Exact copy, pictures excluded: set down only the lines from the one with "Produktbild Saeco Magic de Luxe" through the end of the entries, keeping both end lines.

···

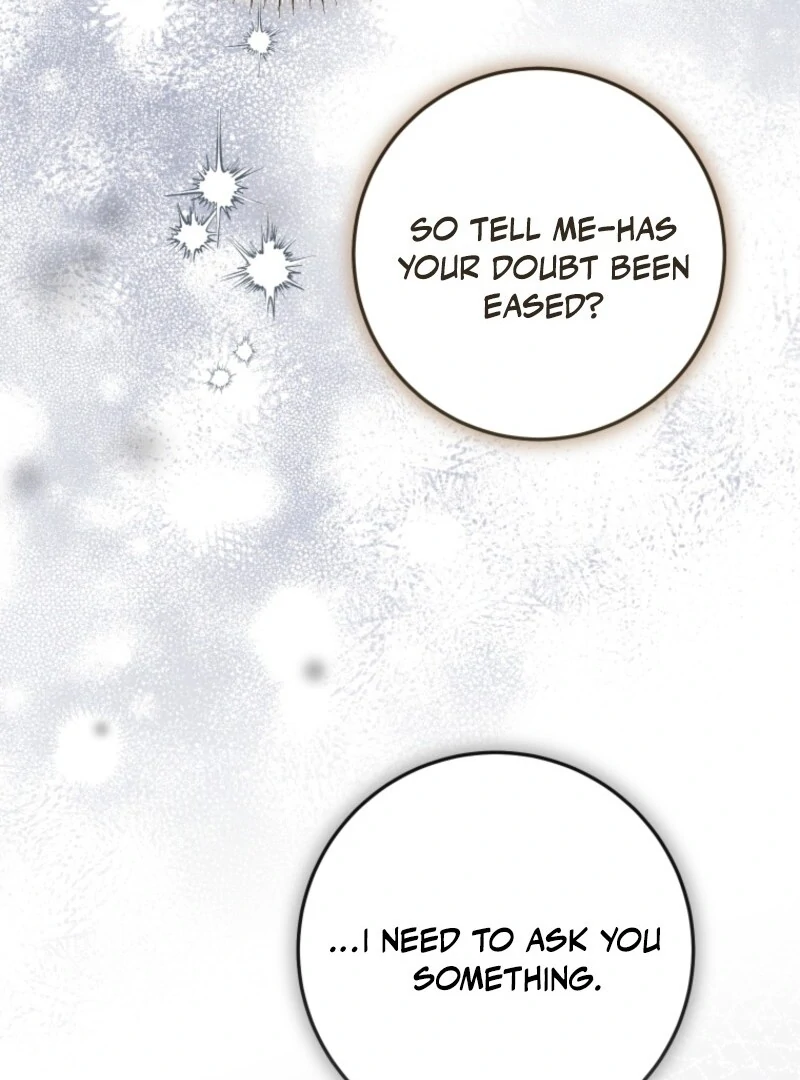 I Became the Master of the Devil Chapter 75 - Page 33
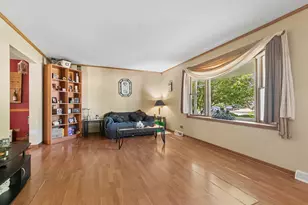 803 First St, Manhattan, IL 60442 - Photo 7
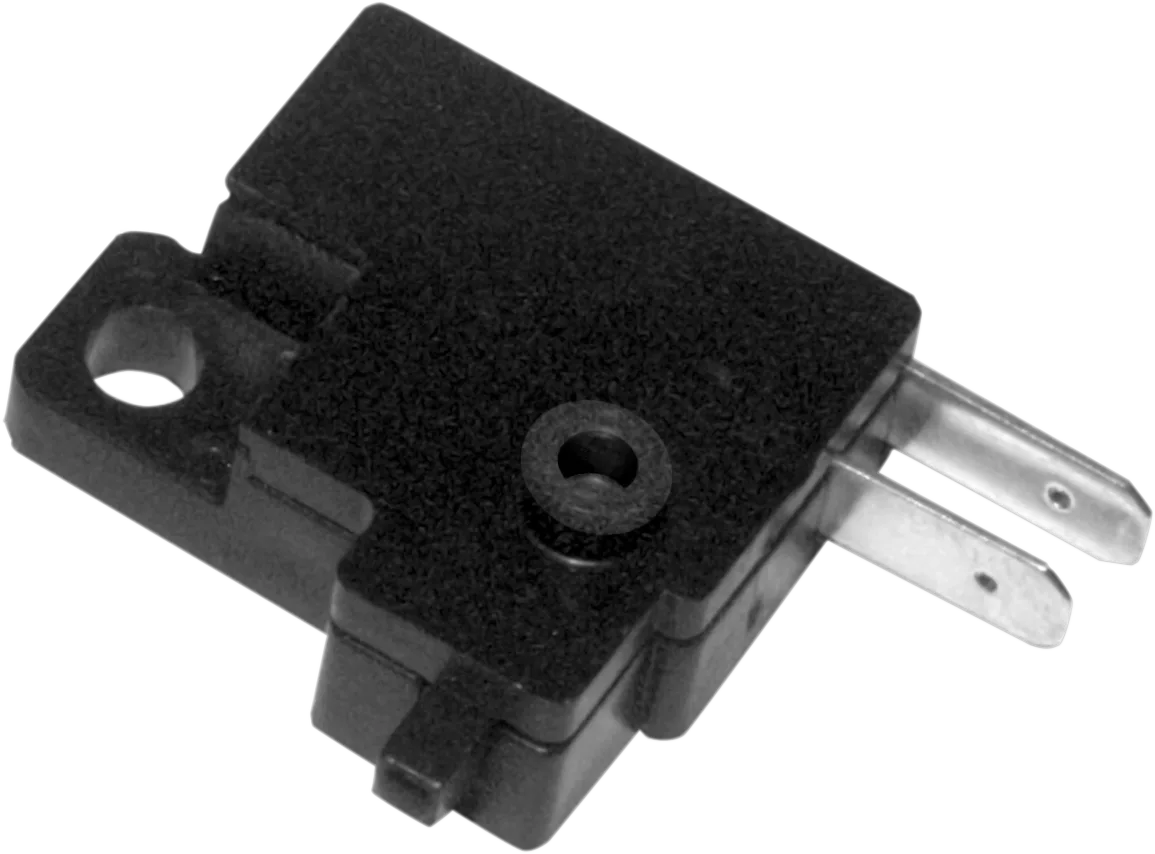 Brake Light Switch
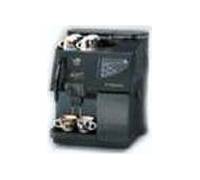 Produktbild Saeco Magic de Luxe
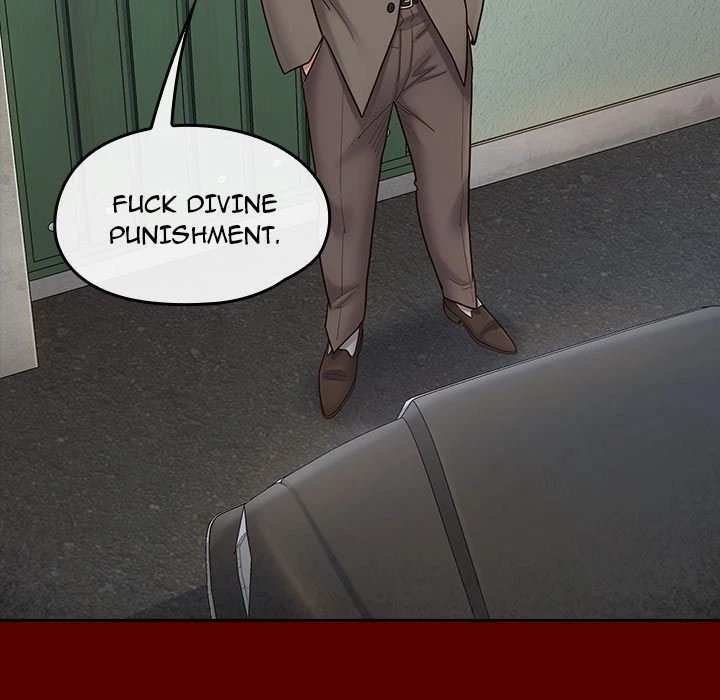 Chapter 55, page 24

···

### Written solution
 Produktbild Saeco Magic de Luxe
 Chapter 55, page 24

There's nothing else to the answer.